First, it a separate roundtrip to the db (but it's worth to avoid the expensive count query). Second, there is a bug.
The docs say
To help with these cases, PostgREST can get the exact count up until a threshold and get the planned count when that threshold is surpassed which seems to imply postgrest does NOT execute the exact count after a threashold, but in fact it does, it executes the exact count every time, then checks the tableTotal and then performs the explain to get the estimated count (though it already has the exact count)
checking again to see if i missed something
EDIT: oh i see, there is some logic to change the count query in case of estimated ... but does adding a limit to the count query actually make it faster by a lot?
Actually, @steve-chavez, that DO BLOCK should work
@wolfgangwalther I was thinking something like this.
BEGIN;
SELECT current_setting('pgrst.cost', true);
DO $$DECLARE cost json;
BEGIN
EXECUTE 'EXPLAIN (FORMAT JSON) select * from projects' INTO cost;
PERFORM set_config('pgrst.cost', cost->0->'Plan'->>'Plan Rows', true);
END$$;
SELECT current_setting('pgrst.cost', true);
COMMIT;
current_setting
-----------------
(1 row)
current_setting
-----------------
1200
(1 row)
So yes, looks like that works for getting the EXPLAIN output.
So yes, looks like that works for getting the EXPLAIN output.

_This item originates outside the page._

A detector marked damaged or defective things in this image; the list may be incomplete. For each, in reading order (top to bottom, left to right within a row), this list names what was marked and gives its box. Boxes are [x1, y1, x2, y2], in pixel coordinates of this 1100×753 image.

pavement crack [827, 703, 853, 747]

And it's just one additional line, I guess, to add the estimated count as pgrst.count as well.
max_execution_time
I guess the equivalent here would be statement_timeout. Which we could set on a set local for each transaction(also mentioned the idea here https://github.com/PostgREST/postgrest/issues/249#issuecomment-641498592).
max_cost (hard to implement, requires a roundtrip and does not work on rpc)

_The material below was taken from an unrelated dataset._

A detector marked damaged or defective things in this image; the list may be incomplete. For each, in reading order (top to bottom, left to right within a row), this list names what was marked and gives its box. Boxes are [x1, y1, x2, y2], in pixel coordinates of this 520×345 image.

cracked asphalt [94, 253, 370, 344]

@ruslantalpa Why would that not work for function calls? pg functions have the COST(also ROWS) settings.
The SET queries are sent all at once with queries being split using ; (though it would be nicer in a single SELECT statement since it's possible)
Not sure if it's more performant, but the settings part could also be done with SELECT set_config(..), set_config(..), set_config(..).
It can also be done in a robust way in the proxy.
On proxy startup you read all the subdomains an a map (this is lua ... you can connect to the db and run queries)
team job (proxy/postgrest/db) and trying to do everything in postgrest is the wrong direction
You obviously would like to do many things on proxy since you have/sell the subzero stack :) . However with that way of thinking we wouldn't have the request.path setting for example - since for a long time the answers for this were "do a proxy_set_header on nginx to get the missing http variables". Without that there would be no "smart view" approach.
So in general I'm favor of doing the most on the db and leave the proxy as a last resort.
Not to say I'm opposed to adding the query string settings. It makes sense to add them to have a more complete http context. We need to consider that POST/PATCH also have query string vars though. I would be fine in adding them raw as they are. If later we provide a parsed version they could go in another setting(like request.qs_parsed.<key>).
It is. It's not about using the result (though it's used, remember you are throwing an error in your own application), it's about sending the query and waiting for the reply from the db that it was executed with no errors. Only after that the main query follows.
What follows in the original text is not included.